Lessons from the first year of Ofwat’s Innovation Fund

Harry Armstrong, Ofwat’s director of regulatory policy, reflects on creativity and collaboration from the first 12 months of the regulator’s Innovation Fund.

Kicking off in October 2020, Ofwat established its £200 million fund to encourage innovation while shouldering risk in getting projects off the ground amid what it saw as a broader dip in research and development funding across the water industry.

The move emphasised the need for water company-led innovation to meet climate challenges, technological advances and the demands of a growing population head on according to Ofwat’s director of regulatory policy, Harry Armstrong, who sees it as an essential means of investing in and trailing new ways of working.

“There is a real value in us explicitly laying out that we think innovation, and spend and focus on innovation, is valuable, important and central to achieving some of the things we need to and new  opportunities,” he told the 2021 Water Industry Innovation Conference.

Both the Innovation in Water and Water Breakthrough Challenges will run until 2025 with their projects and respective impacts expected to stretch beyond that.

A ‘helpful’ problem-solving mechanism

Armstrong explained that the fund’s pilot phase comprises two rounds in order for Ofwat, the wider sector and its companies to gauge whether or not value is being delivered.

The first round comprised two streams: the Innovation in Water Challenge which made £2 million available for entries between £50,000 and £250,000, and the Water Breakthrough Challenge, which offered £40 million for entries between £1 million and £10 million.

The second round offers a Catalyst Stream, £5 million available for entries between £100,000 and £1 million with winners announced mid-March 2022, and a Transform Stream, providing £34 million for entries between £1 million and £10 million, with winners announced in late April 2022.

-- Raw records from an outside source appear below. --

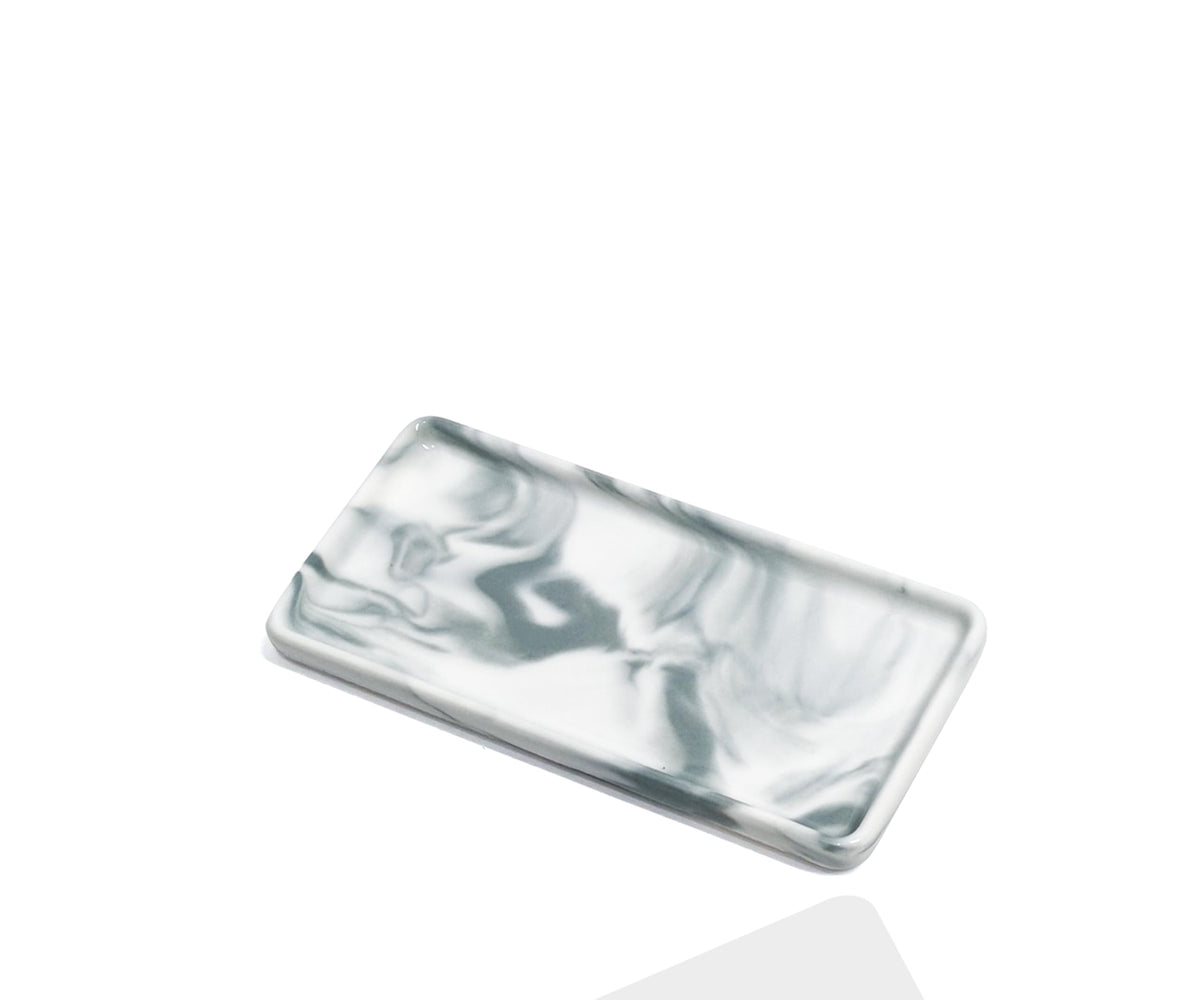 6.4" Porcelain Small Bathroom Narrow Mini Tray - Green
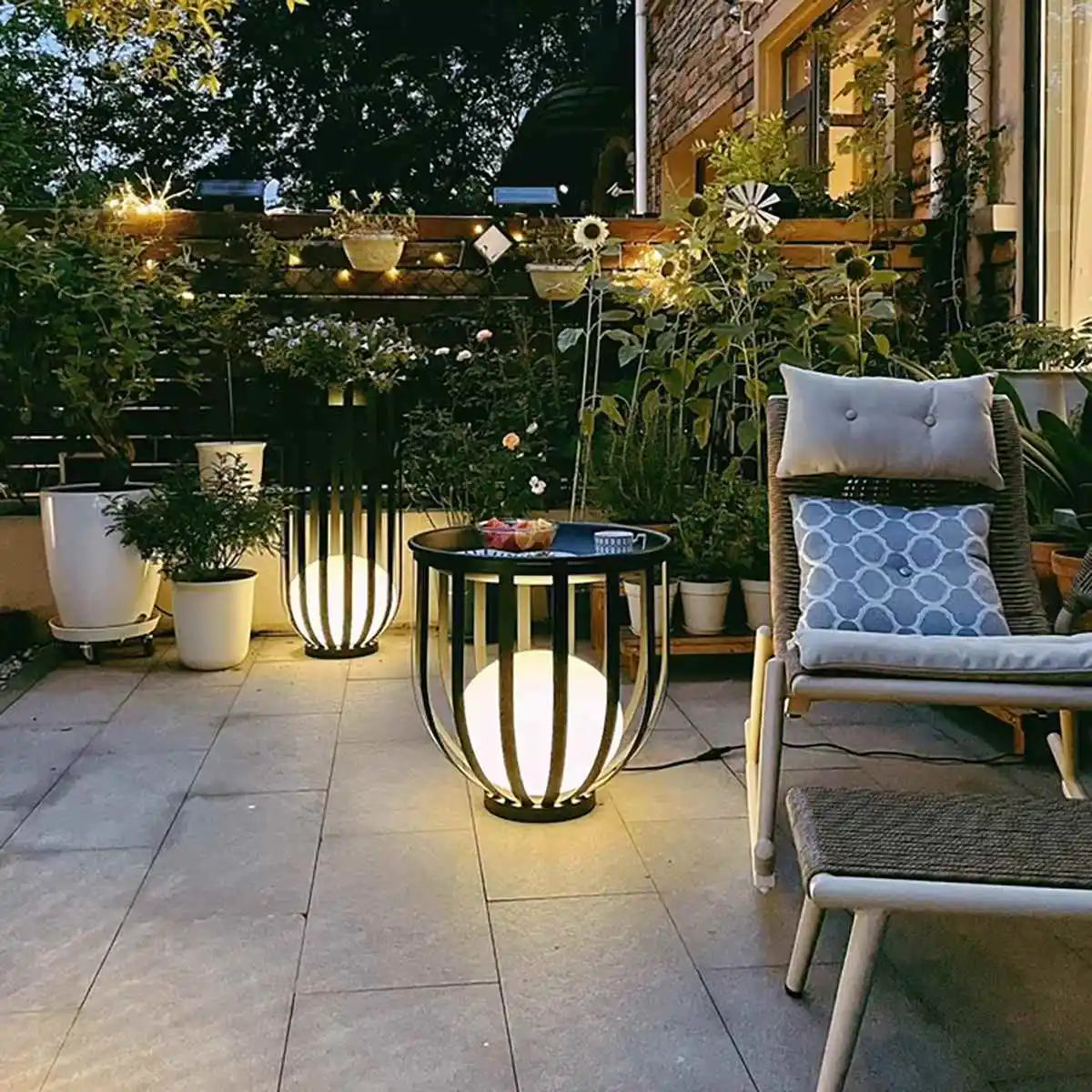 Antizer Solar Flower Stand Outdoor Floor Lamp
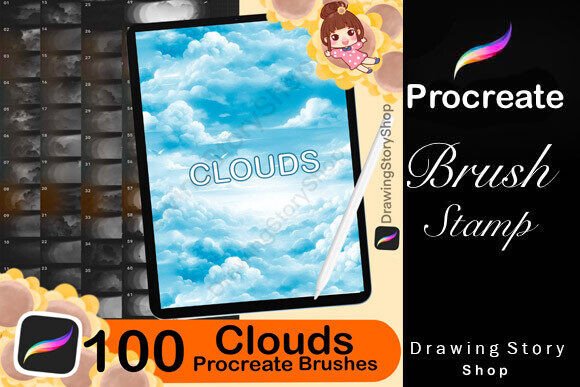 Download 100 Cloud Procreate Brushes,sky Texture - Procreate Collection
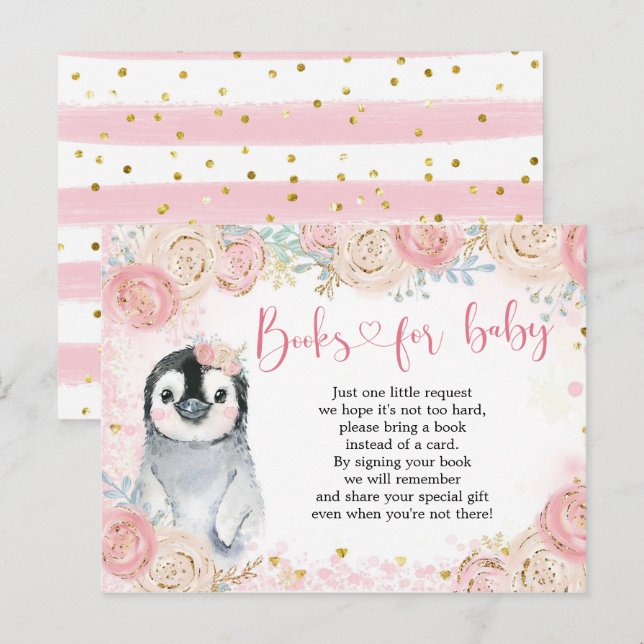 Invitation Carte Postale Girl Penguin Winter Snowflake Livres pour bébé (Devant / Derrière)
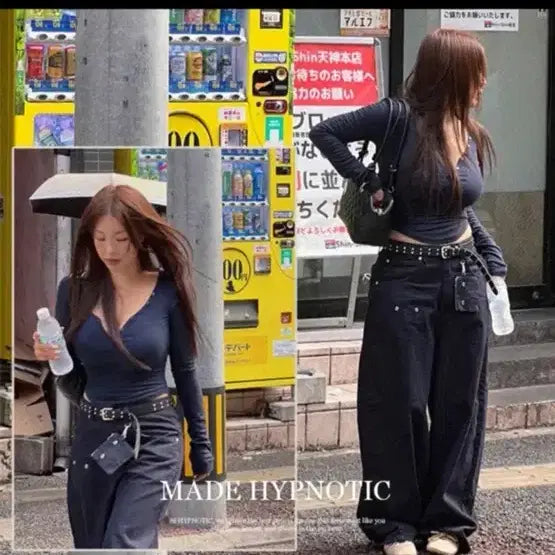 [BUNJANG] HIPNATIC V-Neck Button Crop Tee Black / 히프나틱 자체제작 브이넥 버튼 크롭 티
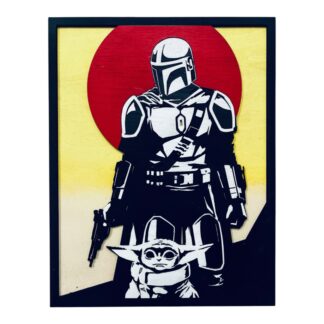 Ξύλινο Κάδρο Mandalorian & Grogu – Red Sun Edition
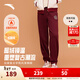 安踏（ANTA）錐形束腳衛褲女款2026新年加絨保暖百搭休閑褲長(cháng)褲162548304N 安可拉紅-2 丨新年紅出圈 M (女165)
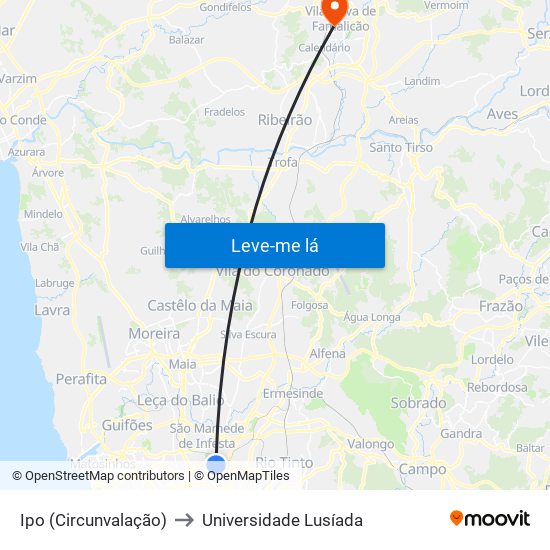 Ipo (Circunvalação) to Universidade Lusíada map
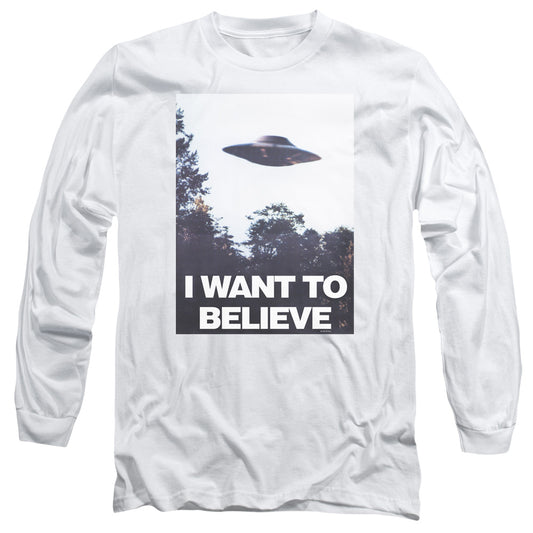 X Files Believe Poster Mens Long Sleeve Shirt White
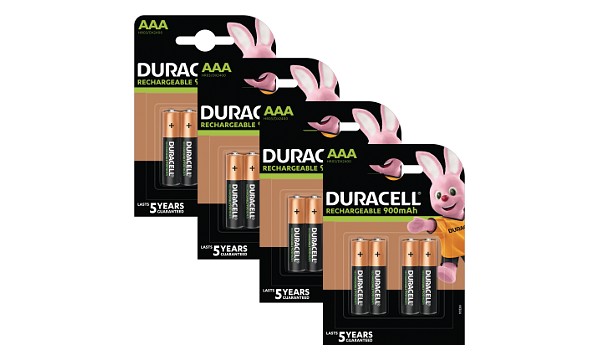 Pacco 16 pile AAA Duracell PreCharged da 900mAh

“The Innovation Fund itself is not the silver bullet,” he caveated. “This is not a way in which we solve all of our problems, but it is a mechanism that we think is going to be helpful get the sector to a position where it is capable of solving its future challenges.”

A change in collaboration

According to Armstrong, Ofwat has “explicitly laid out” a number of key traits which he believes are central to the water sector’s capacity to innovate and which serve as general guidelines for projects entering the running for funding.

Armstrong lists openness, managing innovation risk, adaptability, scalability and deployability as key project enablers alongside demonstrable collaboration and a long-term view.

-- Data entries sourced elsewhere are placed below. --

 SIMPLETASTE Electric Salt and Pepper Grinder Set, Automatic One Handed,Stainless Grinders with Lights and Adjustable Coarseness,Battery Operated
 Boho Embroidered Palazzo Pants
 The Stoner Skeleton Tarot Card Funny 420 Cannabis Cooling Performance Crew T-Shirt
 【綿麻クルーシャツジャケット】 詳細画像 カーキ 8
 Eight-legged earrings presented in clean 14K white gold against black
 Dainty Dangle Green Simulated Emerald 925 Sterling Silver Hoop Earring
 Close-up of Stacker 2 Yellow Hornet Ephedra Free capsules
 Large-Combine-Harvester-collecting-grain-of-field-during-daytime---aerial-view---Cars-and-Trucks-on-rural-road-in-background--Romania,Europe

“For various reasons the sector hasn’t been fantastic at collaboration, but we’re starting to see change,” he explained. “Working together on shared problems will deliver better solutions.”

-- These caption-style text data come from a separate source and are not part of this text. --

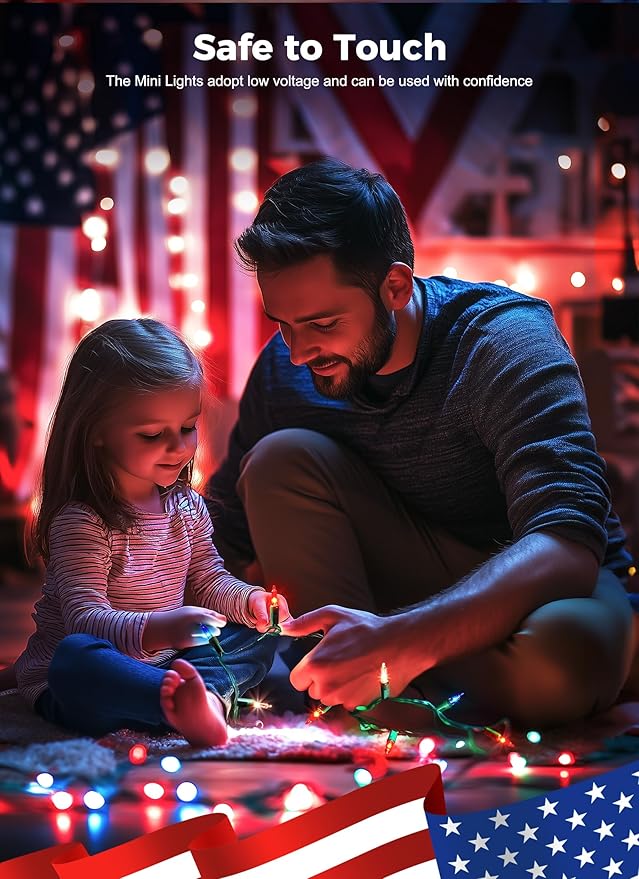 Red White Blue Mini Christmas Lights, 50 Count 4th July Decoration Patriotic Mini String Lights, 13ft Waterproof Lights for Indoor Outdoor Xmas Holiday Party Patio Independence Day Decor, Green Wire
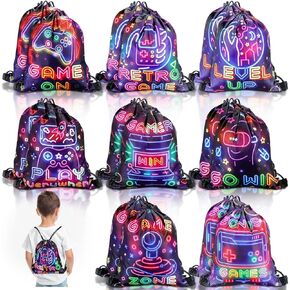 Huhumy 24 Pcs Video Game Party Favor Bag Neon Video Game Party Drawstring Bags 12 x 10 Inch for Boys Girls Game on Theme Loot Party Supplies Gifts Game Goodie Treat Candy Bags for Kid Birthday Party
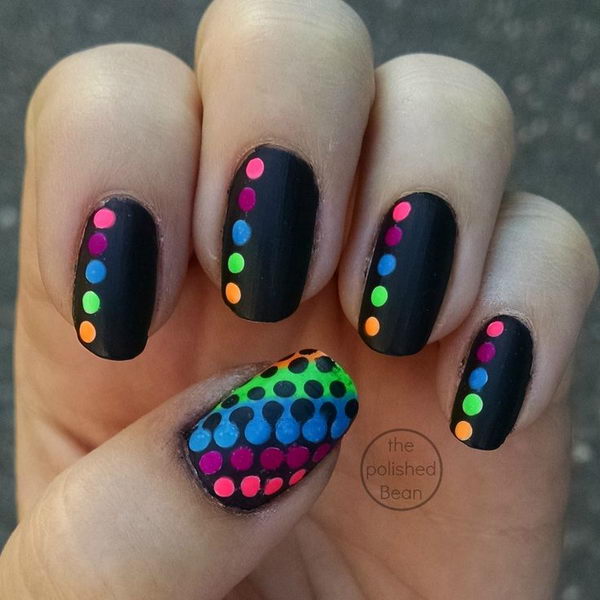 Cute Polka Dot Nail Art. Polka dot is a pattern consisting of an array of filled circles.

‘Very broad’ innovation themes

Reflecting on its first round of the Innovation in Water and Breakthrough challenges – and having since opened a second round of the Innovation fund – Armstrong added that there are a number of “very broad” lenses through which Ofwat is keen to see water companies craft solutions.

Though he stressed that the regulator was trying to avoid being “too directive”, he suggested that focus on climate change, delivering public value, the impact of extreme weather and pollution, unlocking the power of open data and operational resilience would be key pillars beneath best-in-class innovation moving forwards.

Additionally, having funded some 20 projects thus far – with first round funds “oversubscribed” according to Armstrong – the regular has also started to see an influx of higher risk projects that have the potential to deliver transformative benefits, but equally which may not work.

The pace of change

Greater emphasis on speed will also need to be factored into future innovation projects according to Armstrong – including what he described as a willingness to fail fast, experiment, and adapt plans more quickly when firms discover what does and doesn’t work.

Ultimately, he said that water companies following a more iterative and less linear approach to innovation in their projects – featuring more checkpoints, faster pace and better acknowledgement and management of the innovation risks – would be most likely to see projects take off.

Varied voices

Armstrong concluded that the regulator sees best-in-class water industry innovation in years to come revolving around collaboration on shared problems with organisations in other sectors – such as energy, transport and gas. “We would love to see that collaboration come through in a more formalised way,” he said.

In tandem with this, he outlined a greater need for new voices and perspectives in sector innovation – in terms of diversity of project partners, wider engagement and continued participation from all corners of the industry.

Additionally, Armstrong highlighted that, at present, water is heavily reliant on engineers and that he’d be keen to see some more projects growing from demand management and customer engagement spheres in future.